Para Fernández Slezak, el impacto de la IA en la educación y el trabajo es irreversible. “La incorporación de la Inteligencia Artificial al día a día va a cambiar la forma en que aprendemos y en que nos enseñan. De eso no hay ninguna duda”, afirma. Y revela que su propio campo, la programación, cambio radicalmente en apenas tres años.

El investigador compara la situación con el aprendizaje de las tablas de multiplicar: aunque hoy todos tengamos una calculadora en el bolsillo, saberlas sigue siendo crucial. “Te dan herramientas básicas para analizar matemáticamente. No podés resolver ecuaciones si no sabés hacer un 4×4”. Lo mismo, asegura, ocurre con habilidades que la IA puede ejecutar hoy, como traducir o redactar: podemos apoyarnos en la tecnología, pero no debemos renunciar a las capacidades que nos permiten pensar por nosotros mismos.

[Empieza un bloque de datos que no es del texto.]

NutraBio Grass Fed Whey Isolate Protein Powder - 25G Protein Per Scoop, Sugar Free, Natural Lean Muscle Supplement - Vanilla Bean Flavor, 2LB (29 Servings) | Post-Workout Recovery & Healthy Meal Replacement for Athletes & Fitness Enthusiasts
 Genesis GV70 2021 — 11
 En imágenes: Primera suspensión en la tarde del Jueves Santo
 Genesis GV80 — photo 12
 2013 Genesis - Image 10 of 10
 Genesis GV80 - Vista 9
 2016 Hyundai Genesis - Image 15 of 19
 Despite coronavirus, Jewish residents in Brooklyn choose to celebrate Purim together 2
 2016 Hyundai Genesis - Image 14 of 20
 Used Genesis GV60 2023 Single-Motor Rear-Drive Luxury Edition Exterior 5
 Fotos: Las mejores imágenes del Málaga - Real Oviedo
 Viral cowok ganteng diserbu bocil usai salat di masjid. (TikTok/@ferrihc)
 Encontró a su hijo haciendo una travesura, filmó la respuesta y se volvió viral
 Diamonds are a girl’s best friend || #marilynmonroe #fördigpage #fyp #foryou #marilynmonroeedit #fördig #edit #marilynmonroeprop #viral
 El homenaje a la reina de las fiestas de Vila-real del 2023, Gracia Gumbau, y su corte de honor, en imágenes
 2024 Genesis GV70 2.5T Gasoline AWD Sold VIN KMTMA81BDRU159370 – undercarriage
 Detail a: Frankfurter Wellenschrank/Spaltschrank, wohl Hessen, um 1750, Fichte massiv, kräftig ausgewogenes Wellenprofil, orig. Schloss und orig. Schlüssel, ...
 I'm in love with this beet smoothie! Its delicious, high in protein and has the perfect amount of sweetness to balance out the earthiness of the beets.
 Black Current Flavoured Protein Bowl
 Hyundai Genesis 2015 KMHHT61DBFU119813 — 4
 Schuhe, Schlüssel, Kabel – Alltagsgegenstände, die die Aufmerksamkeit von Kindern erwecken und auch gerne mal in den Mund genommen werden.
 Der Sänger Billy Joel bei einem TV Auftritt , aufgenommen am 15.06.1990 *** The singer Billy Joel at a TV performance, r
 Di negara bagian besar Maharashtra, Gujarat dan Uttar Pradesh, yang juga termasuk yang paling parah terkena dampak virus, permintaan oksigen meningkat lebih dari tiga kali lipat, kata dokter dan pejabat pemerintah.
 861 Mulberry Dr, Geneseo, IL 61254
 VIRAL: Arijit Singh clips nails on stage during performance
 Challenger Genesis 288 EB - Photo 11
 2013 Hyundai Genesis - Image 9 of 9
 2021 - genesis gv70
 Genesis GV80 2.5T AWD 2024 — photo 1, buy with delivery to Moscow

Una transformación acelerada

“La clave está en ser consciente de las capacidades que uno va cediendo”, concluye Fernández Slezak. “Las conexiones neuronales se entrenan y el cerebro no deja de ser un músculo. Si no lo ejercitamos, se atrofia. Es un tema en evolución: lo que decíamos hace dos años sobre la IA ya no sirve. Estamos viendo mes a mes cómo nos transforma”.